QA Engineer Skills 2026QA-2026Event-Driven System Testing

Event-Driven System Testing

The Fundamental Challenge

Event-driven architectures (SQS, EventBridge, Kafka, SNS) are notoriously difficult to test because there is no synchronous request-response cycle to assert against. When you publish an event, you cannot immediately check the result. The consumer might process it in milliseconds, seconds, or minutes. It might fail silently. It might process it twice.

This asynchronous nature requires a fundamentally different testing approach: instead of "call and assert," you adopt "publish, wait, and verify state."


Testing EventBridge Rules

EventBridge is AWS's serverless event bus. Testing EventBridge means verifying that rules match the correct event patterns and route to the correct targets.
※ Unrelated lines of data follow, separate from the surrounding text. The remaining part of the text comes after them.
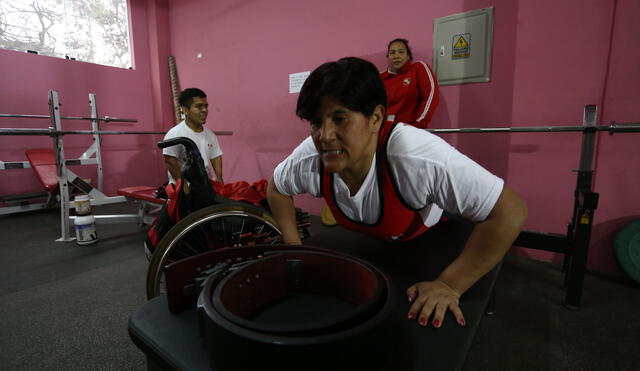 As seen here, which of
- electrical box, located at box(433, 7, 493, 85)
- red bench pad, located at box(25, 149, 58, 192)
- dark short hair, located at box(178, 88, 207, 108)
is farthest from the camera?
red bench pad, located at box(25, 149, 58, 192)

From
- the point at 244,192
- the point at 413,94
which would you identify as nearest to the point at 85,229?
the point at 244,192

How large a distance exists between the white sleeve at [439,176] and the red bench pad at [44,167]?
3746 millimetres

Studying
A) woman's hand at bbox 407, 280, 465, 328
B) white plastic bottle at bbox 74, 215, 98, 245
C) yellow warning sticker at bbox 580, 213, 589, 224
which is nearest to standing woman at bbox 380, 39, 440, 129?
yellow warning sticker at bbox 580, 213, 589, 224

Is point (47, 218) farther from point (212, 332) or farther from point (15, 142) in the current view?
point (212, 332)

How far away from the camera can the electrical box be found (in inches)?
88.0

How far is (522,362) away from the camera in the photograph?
1.23m

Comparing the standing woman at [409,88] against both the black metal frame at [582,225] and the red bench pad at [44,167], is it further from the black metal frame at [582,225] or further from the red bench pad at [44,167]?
the red bench pad at [44,167]

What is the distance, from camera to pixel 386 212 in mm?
937

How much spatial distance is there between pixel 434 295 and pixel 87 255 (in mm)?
2638

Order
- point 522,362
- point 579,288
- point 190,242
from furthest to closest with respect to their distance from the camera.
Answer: point 579,288
point 190,242
point 522,362

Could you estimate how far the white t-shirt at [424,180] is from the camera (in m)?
0.75

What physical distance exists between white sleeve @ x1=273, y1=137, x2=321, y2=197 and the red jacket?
1.29m

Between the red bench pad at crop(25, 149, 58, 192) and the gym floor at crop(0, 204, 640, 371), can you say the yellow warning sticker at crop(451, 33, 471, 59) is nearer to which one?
the gym floor at crop(0, 204, 640, 371)

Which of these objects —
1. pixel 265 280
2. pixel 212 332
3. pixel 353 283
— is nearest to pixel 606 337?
pixel 353 283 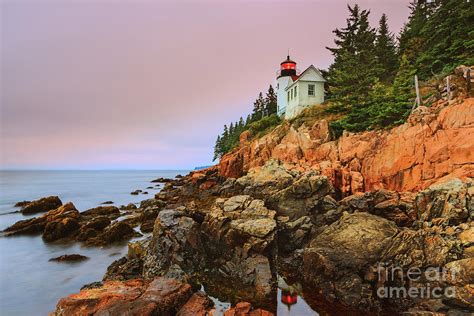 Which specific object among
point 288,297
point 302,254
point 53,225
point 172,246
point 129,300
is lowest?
point 288,297

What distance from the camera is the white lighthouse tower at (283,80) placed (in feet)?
126

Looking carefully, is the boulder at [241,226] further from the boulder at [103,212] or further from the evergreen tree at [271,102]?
the evergreen tree at [271,102]

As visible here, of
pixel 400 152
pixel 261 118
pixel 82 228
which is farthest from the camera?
pixel 261 118

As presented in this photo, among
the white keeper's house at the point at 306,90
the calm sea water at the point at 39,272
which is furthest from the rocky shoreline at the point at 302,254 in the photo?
the white keeper's house at the point at 306,90

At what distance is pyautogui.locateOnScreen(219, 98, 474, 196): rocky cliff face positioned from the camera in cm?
1504

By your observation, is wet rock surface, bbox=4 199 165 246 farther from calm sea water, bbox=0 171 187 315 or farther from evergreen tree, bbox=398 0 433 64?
A: evergreen tree, bbox=398 0 433 64

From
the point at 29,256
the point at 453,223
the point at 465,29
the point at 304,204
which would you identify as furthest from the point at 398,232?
the point at 465,29

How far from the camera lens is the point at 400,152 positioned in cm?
1741

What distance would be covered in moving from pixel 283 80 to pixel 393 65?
17130mm

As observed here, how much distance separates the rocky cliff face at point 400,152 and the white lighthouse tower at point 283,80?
14594mm

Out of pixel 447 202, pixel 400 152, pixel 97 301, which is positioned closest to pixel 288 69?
pixel 400 152

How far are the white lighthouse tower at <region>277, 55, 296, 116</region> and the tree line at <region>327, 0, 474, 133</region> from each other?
6544 mm

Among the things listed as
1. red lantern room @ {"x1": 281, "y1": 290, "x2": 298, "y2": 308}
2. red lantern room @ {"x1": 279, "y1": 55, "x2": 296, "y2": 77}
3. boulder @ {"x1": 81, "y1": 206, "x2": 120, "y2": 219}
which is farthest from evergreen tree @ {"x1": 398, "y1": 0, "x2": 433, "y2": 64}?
boulder @ {"x1": 81, "y1": 206, "x2": 120, "y2": 219}

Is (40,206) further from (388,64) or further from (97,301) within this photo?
(388,64) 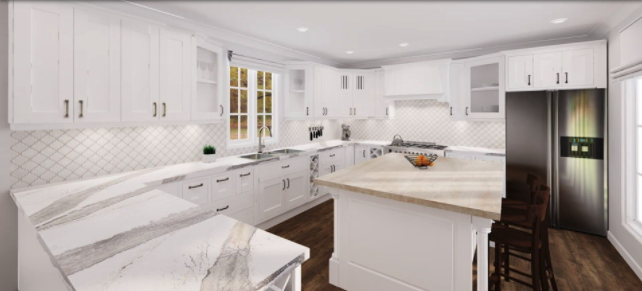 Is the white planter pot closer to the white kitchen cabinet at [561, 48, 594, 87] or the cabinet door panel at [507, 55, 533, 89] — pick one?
the cabinet door panel at [507, 55, 533, 89]

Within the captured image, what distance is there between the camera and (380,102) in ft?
18.8

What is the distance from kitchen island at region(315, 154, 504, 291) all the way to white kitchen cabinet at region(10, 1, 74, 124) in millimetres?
1980

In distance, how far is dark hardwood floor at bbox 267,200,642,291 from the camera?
266cm

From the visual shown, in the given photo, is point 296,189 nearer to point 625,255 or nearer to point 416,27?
point 416,27

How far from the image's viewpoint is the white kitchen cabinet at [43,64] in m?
2.10

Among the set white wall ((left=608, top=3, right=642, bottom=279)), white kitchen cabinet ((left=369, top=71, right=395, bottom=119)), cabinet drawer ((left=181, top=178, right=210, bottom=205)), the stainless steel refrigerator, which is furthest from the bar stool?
white kitchen cabinet ((left=369, top=71, right=395, bottom=119))

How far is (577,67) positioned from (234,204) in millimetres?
4241

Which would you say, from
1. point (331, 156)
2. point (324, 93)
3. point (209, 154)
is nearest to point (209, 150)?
point (209, 154)

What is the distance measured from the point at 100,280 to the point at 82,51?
2.03 meters

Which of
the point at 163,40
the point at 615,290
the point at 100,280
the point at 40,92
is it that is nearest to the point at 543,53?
the point at 615,290

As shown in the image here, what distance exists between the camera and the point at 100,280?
108 centimetres

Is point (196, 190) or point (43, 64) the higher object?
point (43, 64)

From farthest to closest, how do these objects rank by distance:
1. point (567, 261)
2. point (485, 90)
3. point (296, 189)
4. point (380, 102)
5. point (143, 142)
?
1. point (380, 102)
2. point (485, 90)
3. point (296, 189)
4. point (143, 142)
5. point (567, 261)

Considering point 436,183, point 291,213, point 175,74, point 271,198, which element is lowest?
point 291,213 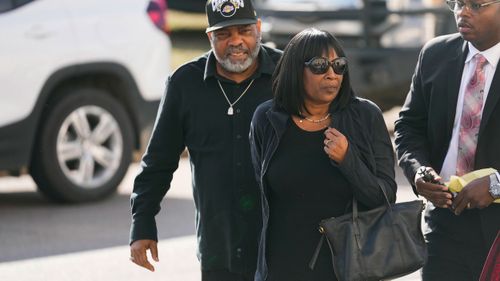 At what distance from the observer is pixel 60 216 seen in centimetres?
920

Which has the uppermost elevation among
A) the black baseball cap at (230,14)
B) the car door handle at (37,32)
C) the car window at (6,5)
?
the black baseball cap at (230,14)

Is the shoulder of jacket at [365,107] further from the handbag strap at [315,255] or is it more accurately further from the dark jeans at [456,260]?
the dark jeans at [456,260]

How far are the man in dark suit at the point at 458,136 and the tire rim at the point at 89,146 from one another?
4828 millimetres

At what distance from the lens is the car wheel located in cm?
919

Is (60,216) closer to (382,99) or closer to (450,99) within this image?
(382,99)

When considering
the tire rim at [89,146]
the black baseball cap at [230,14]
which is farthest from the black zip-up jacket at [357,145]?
the tire rim at [89,146]

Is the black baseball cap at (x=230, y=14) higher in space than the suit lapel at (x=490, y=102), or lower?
higher

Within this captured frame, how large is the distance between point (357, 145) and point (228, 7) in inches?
33.0

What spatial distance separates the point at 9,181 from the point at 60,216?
1.86 m

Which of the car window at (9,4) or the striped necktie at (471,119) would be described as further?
the car window at (9,4)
Pattern Matching Verification

# tests/integration/test_eventbridge.py
import boto3
import json
import pytest

def test_eventbridge_rule_matching():
    """Verify that EventBridge rules match expected event patterns."""
    client = boto3.client("events", endpoint_url="http://localhost:4566")  # LocalStack

    # Put a test event
    response = client.put_events(
        Entries=[{
            "Source": "myapp.orders",
            "DetailType": "OrderCreated",
            "Detail": json.dumps({
                "orderId": "ORD-TEST",
                "amount": 150.00,
                "region": "us-east-1"
            }),
            "EventBusName": "orders-bus"
        }]
    )

    assert response["FailedEntryCount"] == 0

    # Verify the rule exists and has correct pattern
    rule = client.describe_rule(
        Name="high-value-orders",
        EventBusName="orders-bus"
    )
    pattern = json.loads(rule["EventPattern"])
    assert pattern["source"] == ["myapp.orders"]
    assert pattern["detail"]["amount"] == [{"numeric": [">=", 100]}]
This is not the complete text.